What my Dad left out of his explanation of this game was that this mound of dirt also was home to a fire ant colony. So, when my Tia Betty started to stomp, she disturbed the now-very-angry fire ants. They stormed out of their ant colony and did not hold back their anger at her.
By the time my Tia Betty realized what was happening, she was already covered in fire ants biting every surface of her skin. Trapped in her clothes. Head to toe. Fire ants. Biting.
Around this same time my Dad realized just exactly what he had caused. But it was too late. He didn’t mean for her to be covered in fire ants. He thought just a few would come out to scare her. He didn’t anticipate that the entire ant colony would be participating in his prank.
My Abuela Dora came out when she heard my Tia Betty’s screams of pain. Thinking quickly, she grabbed her daughter and threw her in the shower to get all the ants off and soothe her bites.

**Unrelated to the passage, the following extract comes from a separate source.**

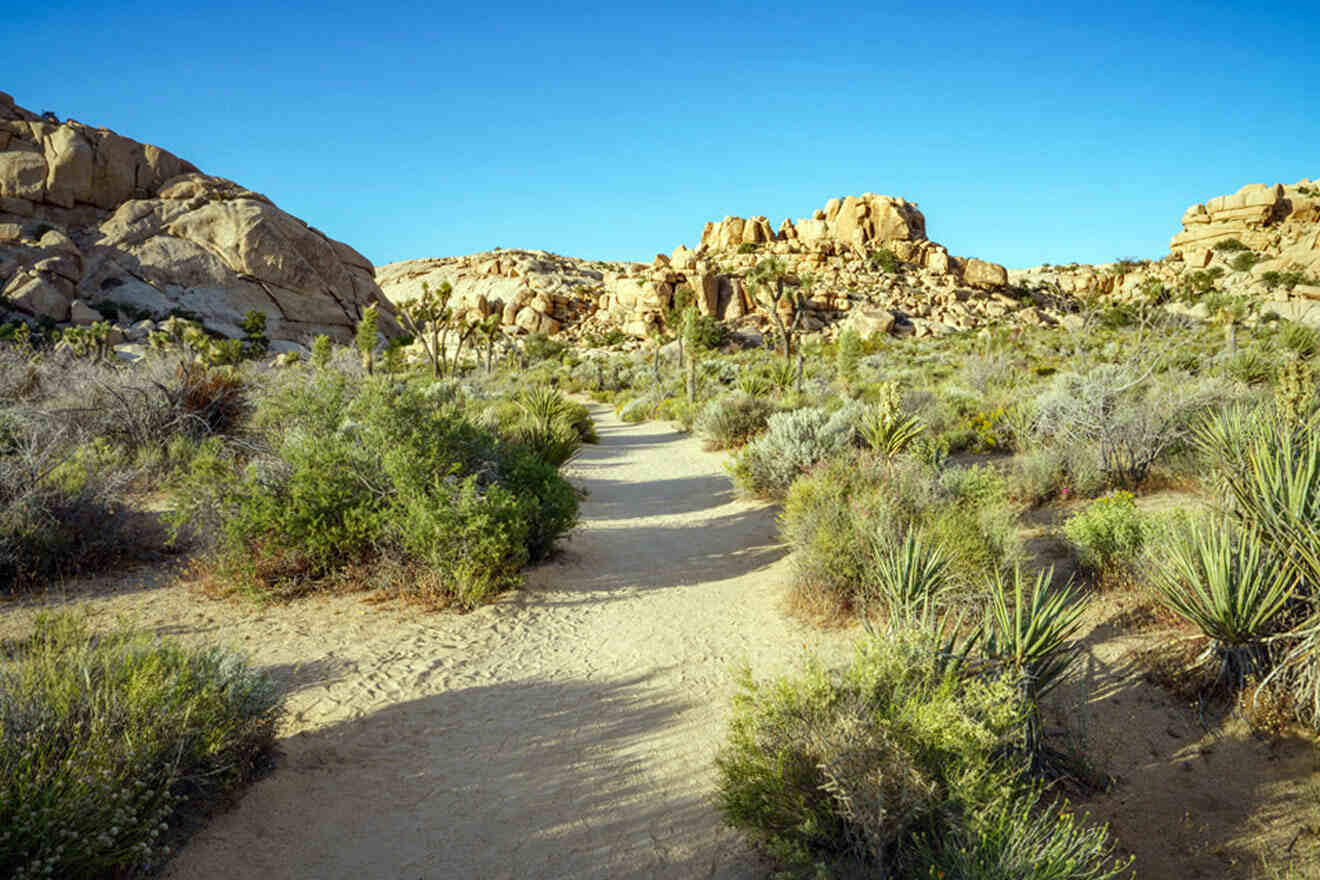 a dirt path in the middle of a desert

Needless to say, my Dad got in a lot of trouble. So much trouble, he didn’t even remember this story until years later.
Fire ants show up more than once in my family’s history though. While my dad used fire ants to try to get rid of a little sister, his Abuelo Nicholas used them to survive.

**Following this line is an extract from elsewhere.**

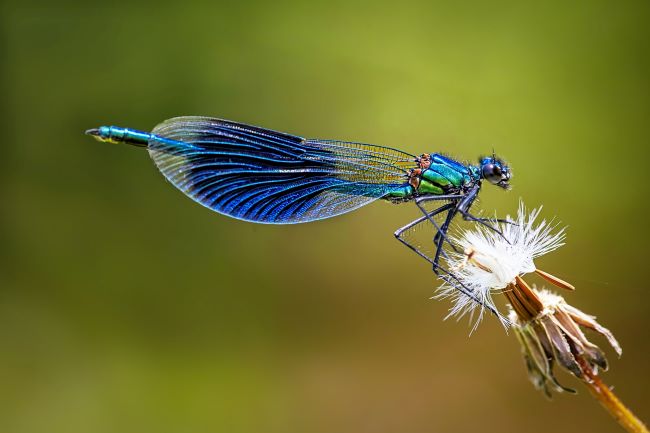 blue dragonfly on a puffy dandelion stem - – inspiration for a weekly list of free educational events and resources for the association community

Abuelo Nicholas was originally born in Chihuahua, Mexico in 1898. When he was 17, he made the journey to El Paso, Texas. He hitchhiked and he walked, which meant that part of this journey required him to walk through the desert. My great Tia told my dad that these trips could be extremely dangerous for many reasons, one reason being the coyotes. They’d be hard to avoid if you were traveling across the desert at night without a place to stay and they could certainly attack. But Abuelo Nicholas was never attacked. Instead of using fire ants to get rid of a little sister, Abuelo Nicholas befriended the fire ants. Well, he at least had an understanding with them.
Coyotes won’t go near fire ant colonies. Apparently, Abuelo Nicholas knew this too. So at night, Abuelo Nicholas would gently lay on or very close to a fire ant colony. They wouldn’t bother him at night–at least that’s how the story goes. Then, in the morning, Abuelo Nicholas would know to wake up when a few of those fire ants would bite him awake. They could only have an understanding with each other until morning.
Throughout my family’s history, something as small as fire ants have continued to shape us. Whether by allowing my great Abuelo Nicholas to sleep on his journey to Texas or by teaching my Dad to be a little nicer to his sister, they have found a way to be in our story.